Cette histoire d’une femme qui parle seule, soliloquant presque (qui sait, si quelqu’un est bien au téléphone ?), use donc d’un langage éminemment cinématographique. La puissance du hors-champ, par le truchement du téléphone, a été exploitée plus d’une fois au cinéma : qu’on se souvienne du récent The Guilty (2018) de Gustav Möller, dont l’essentiel du film se joue entre monologue téléphonique et hors-champ auquel il renvoie, ou encore du plus ancien Terreur sur la ligne (1979) de Fred Walton, qui fait exister par un gimmick itératif (« Êtes-vous allée voir les enfants ? », répète une voix au téléphone, à la baby-sitter qui décroche), la présence effrayante d’un personnage invisible. Il en existe moult autres exemples.

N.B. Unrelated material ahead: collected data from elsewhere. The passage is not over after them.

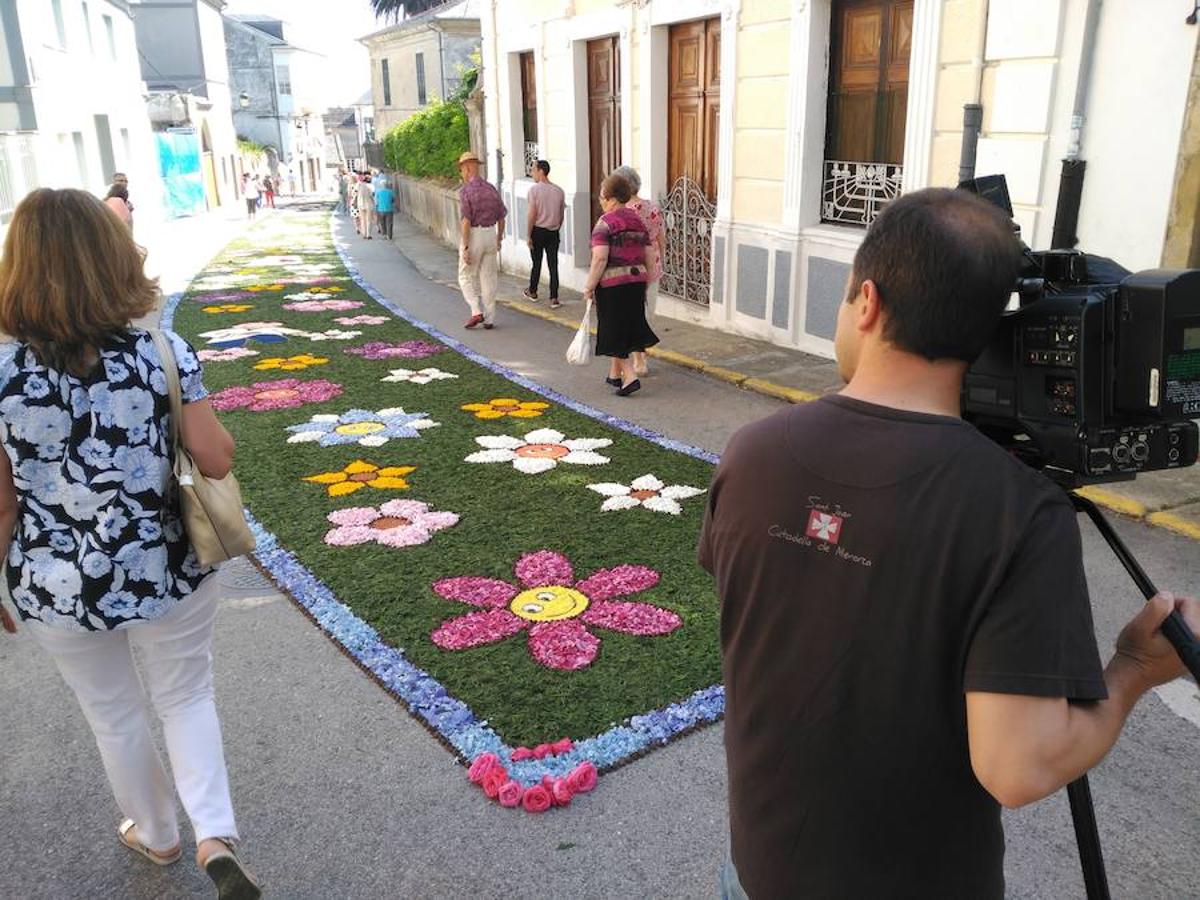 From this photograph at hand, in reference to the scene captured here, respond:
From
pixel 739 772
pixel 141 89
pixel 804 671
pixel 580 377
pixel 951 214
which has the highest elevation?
pixel 141 89

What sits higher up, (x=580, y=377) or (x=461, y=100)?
(x=461, y=100)

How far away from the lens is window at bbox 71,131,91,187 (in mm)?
21531

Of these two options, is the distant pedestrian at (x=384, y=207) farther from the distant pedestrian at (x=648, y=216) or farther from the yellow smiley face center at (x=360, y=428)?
the yellow smiley face center at (x=360, y=428)

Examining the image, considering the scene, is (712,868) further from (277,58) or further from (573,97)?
(277,58)

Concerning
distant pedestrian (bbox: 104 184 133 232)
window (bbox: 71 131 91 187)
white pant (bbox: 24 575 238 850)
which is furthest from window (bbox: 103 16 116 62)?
white pant (bbox: 24 575 238 850)

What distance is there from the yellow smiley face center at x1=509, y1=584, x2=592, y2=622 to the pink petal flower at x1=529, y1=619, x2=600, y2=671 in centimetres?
6

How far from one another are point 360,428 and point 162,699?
453cm

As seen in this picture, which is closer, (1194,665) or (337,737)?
(1194,665)

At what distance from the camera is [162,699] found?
2510mm

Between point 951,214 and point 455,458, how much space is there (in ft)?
17.0

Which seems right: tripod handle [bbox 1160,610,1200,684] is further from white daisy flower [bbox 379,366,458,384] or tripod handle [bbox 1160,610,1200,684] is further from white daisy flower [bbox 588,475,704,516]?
white daisy flower [bbox 379,366,458,384]

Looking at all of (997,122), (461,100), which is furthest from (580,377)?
(461,100)

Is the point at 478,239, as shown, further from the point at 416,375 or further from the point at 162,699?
the point at 162,699

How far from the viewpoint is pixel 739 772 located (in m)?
1.50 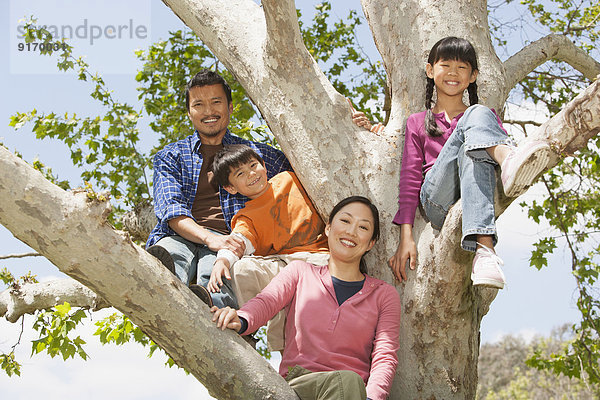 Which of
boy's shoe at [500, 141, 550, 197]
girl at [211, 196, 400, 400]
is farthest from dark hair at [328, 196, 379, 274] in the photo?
boy's shoe at [500, 141, 550, 197]

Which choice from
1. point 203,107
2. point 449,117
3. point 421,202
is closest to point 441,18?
point 449,117

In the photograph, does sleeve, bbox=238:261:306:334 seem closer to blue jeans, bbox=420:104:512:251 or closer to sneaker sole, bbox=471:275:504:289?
blue jeans, bbox=420:104:512:251

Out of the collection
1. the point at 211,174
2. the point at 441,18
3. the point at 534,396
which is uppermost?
the point at 441,18

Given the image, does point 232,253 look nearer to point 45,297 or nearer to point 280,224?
point 280,224

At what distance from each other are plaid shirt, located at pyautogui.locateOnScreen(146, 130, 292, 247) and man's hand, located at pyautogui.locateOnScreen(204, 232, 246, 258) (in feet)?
1.08

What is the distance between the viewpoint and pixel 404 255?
3611mm

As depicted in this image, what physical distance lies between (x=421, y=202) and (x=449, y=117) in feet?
2.22

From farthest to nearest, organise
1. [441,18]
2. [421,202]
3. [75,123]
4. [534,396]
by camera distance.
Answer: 1. [534,396]
2. [75,123]
3. [441,18]
4. [421,202]

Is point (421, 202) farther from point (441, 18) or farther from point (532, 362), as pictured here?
point (532, 362)

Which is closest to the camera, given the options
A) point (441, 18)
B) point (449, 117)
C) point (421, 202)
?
point (421, 202)

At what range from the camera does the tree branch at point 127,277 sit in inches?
94.2

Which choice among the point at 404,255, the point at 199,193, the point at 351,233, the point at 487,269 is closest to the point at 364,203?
the point at 351,233

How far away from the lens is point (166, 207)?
408 centimetres

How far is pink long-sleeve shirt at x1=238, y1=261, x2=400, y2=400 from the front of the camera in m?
3.12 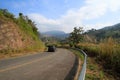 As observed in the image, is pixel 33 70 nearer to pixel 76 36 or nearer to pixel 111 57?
pixel 111 57

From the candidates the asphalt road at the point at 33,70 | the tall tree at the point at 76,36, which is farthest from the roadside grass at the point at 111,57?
the tall tree at the point at 76,36

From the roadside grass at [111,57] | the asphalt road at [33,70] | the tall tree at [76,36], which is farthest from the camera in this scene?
the tall tree at [76,36]

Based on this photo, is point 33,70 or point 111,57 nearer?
point 33,70

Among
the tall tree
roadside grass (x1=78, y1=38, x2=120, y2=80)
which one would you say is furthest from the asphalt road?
the tall tree

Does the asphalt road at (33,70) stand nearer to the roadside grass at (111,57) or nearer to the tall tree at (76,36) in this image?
the roadside grass at (111,57)

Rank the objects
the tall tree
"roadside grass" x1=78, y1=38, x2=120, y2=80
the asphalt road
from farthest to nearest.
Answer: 1. the tall tree
2. "roadside grass" x1=78, y1=38, x2=120, y2=80
3. the asphalt road

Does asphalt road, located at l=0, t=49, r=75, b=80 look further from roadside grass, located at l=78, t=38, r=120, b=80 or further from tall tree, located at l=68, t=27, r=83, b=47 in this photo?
tall tree, located at l=68, t=27, r=83, b=47

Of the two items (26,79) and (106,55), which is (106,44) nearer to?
(106,55)

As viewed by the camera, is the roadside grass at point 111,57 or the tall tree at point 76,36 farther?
the tall tree at point 76,36

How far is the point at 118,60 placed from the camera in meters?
14.3

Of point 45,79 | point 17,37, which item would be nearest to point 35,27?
point 17,37

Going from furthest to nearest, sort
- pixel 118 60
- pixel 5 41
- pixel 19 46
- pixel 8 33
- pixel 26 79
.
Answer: pixel 19 46 < pixel 8 33 < pixel 5 41 < pixel 118 60 < pixel 26 79

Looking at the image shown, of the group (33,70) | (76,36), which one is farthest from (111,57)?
(76,36)

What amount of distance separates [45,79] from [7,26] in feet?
76.3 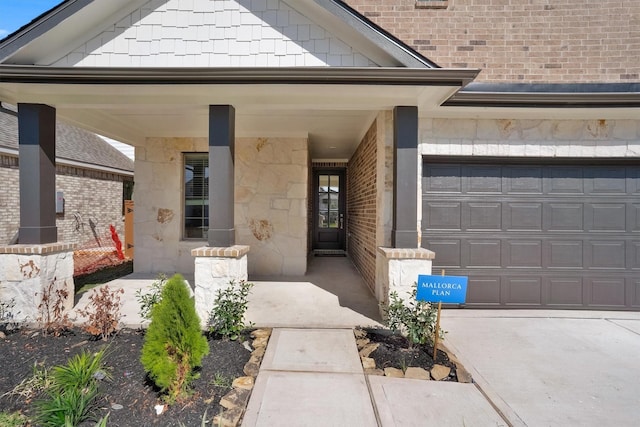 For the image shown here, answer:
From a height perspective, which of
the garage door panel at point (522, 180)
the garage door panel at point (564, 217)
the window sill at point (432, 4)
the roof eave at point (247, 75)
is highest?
the window sill at point (432, 4)

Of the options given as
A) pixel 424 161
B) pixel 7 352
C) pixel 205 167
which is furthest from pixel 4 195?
pixel 424 161

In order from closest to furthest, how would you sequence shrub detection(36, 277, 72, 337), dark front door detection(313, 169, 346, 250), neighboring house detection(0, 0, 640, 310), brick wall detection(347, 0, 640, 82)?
shrub detection(36, 277, 72, 337), neighboring house detection(0, 0, 640, 310), brick wall detection(347, 0, 640, 82), dark front door detection(313, 169, 346, 250)

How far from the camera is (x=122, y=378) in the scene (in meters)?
2.64

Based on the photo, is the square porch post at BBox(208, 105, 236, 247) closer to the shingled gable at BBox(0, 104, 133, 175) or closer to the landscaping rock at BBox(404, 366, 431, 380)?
the landscaping rock at BBox(404, 366, 431, 380)

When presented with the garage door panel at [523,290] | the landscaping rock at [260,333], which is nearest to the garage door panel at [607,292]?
the garage door panel at [523,290]

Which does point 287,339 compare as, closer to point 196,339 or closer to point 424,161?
point 196,339

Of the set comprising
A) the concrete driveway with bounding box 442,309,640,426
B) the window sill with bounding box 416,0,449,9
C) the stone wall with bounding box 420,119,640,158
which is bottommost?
the concrete driveway with bounding box 442,309,640,426

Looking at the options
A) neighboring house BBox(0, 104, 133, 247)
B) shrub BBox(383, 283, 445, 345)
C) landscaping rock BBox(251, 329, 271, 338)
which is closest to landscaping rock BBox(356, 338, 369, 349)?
shrub BBox(383, 283, 445, 345)

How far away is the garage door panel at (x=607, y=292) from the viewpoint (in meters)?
4.55

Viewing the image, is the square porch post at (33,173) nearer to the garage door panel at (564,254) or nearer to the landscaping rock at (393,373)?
the landscaping rock at (393,373)

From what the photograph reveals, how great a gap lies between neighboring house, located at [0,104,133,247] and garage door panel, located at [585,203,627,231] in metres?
12.8

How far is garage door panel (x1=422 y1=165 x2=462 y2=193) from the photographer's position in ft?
15.1

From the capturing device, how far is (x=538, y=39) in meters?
4.79

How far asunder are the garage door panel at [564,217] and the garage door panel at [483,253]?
850 mm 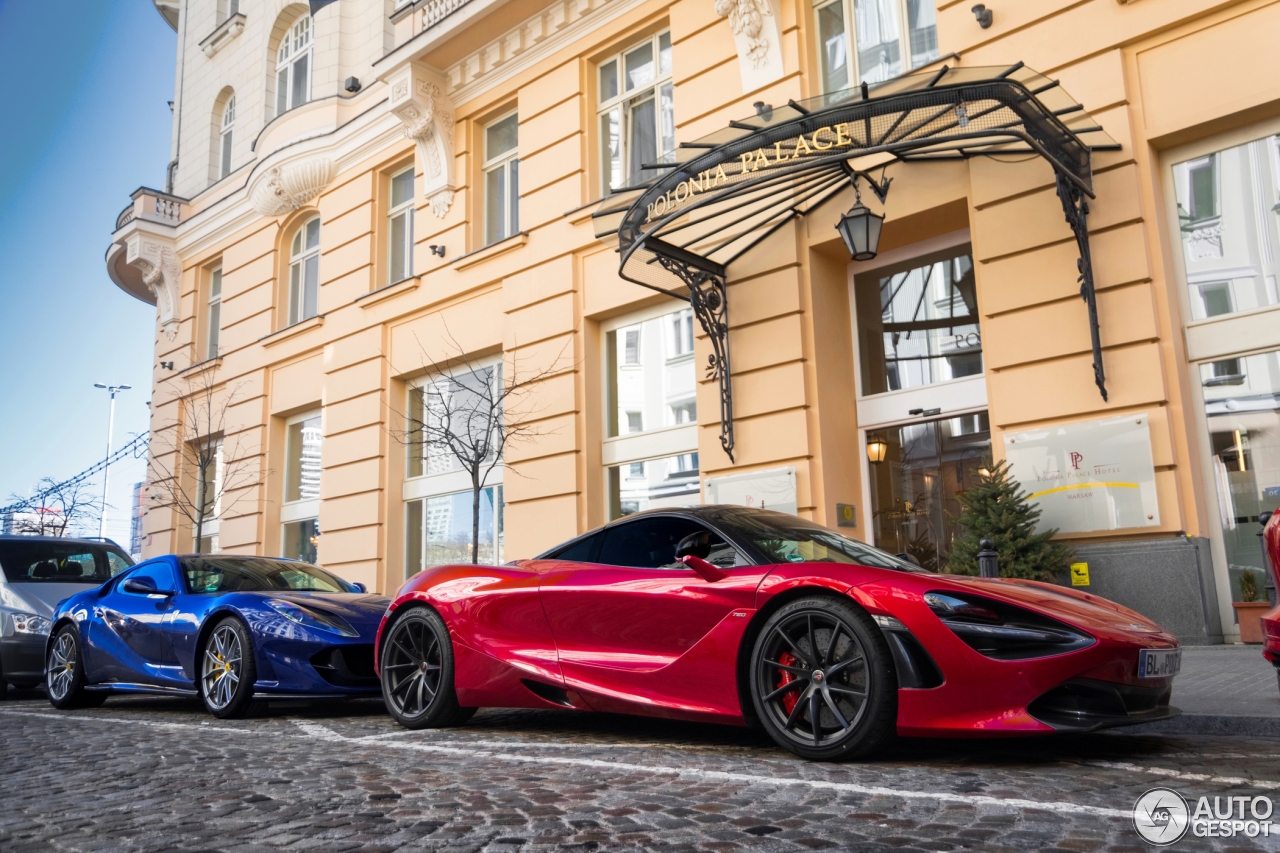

Mais Pedro Almodóvar n’adapte pas La Voix humaine de Cocteau au seul motif formel que le hors-champ charpentant le texte tient de la grammaire cinématographique et qu’il y a donc un langage commun, rendant presque naturelle son adaptation en film. C’est un texte qui fondamentalement lui importe, autour duquel il tourne depuis longtemps : il l’avait cité dans La Loi du désir (1987), où l’on voyait Carmen Maura en jouer une représentation, et il avait aussi inspiré Femmes au bord de la crise de nerfs (1988). La femme en perdition de La Voix humaine est une héroïne familière du cinéma du metteur en scène espagnol, son monde exubérant et intranquille, d’amour, de mort et de mélancolie. Un tel caractère de femme dépressive, au bord des gouffres, est ici chez lui : Cocteau et Almodóvar ont en commun d’avoir beaucoup écrit pour les femmes, et cette femme de La Voix a tout d’un personnage d’Almodóvar.
La Voix humaine se prête à toutes les configurations : la pièce peut être aussi bien jouée au théâtre, à l’opéra (la tragédie lyrique de Francis Poulenc), et au cinéma donc. Plusieurs arts sont en conversation dans La Voix Humaine.
Pedro Almodóvar met en abîme le texte : tout a lieu dans un théâtre (une seule brève scène nous en extrait), et il montre à l’image le théâtre dans le théâtre, dévoile le décor, les faux murs, l’envers de la scène, l’artifice même de la mise en scène. Le théâtre fait écho au théâtre, mais ce n’est pas tout : il y a, dans ce théâtre dans le théâtre, du vrai et beau cinéma, du cinéma almodóvarien, au chromatisme vif, l’explosion des couleurs va si bien à la vision tragique du metteur en scène espagnol.
Pedro Almodóvar n’est pas le premier à porter à l’écran la pièce en un acte de Jean Cocteau, filmée en 1948 par Roberto Rossellini, avec Anna Magnani dans le rôle de l’amante abandonnée et suicidaire. De grandes actrices ont joué cette femme, la rupture amoureuse, le chagrin, le désespoir : Simone Signoret en 1964 pour une version radiophonique, Sophia Loren en 2014 dans un court-métrage réalisé par son fils, Edoardo Ponti. Tout en élégance et grâce perchée, Tilda Swinton complète ces incarnations. Elle-même grande actrice, d’une grande beauté, singulière, elle donne à la douleur une voix sublime, aux inflexions souples, variant subtilement ce monologue de l’amour mort. Vacillante, fragile et puissante.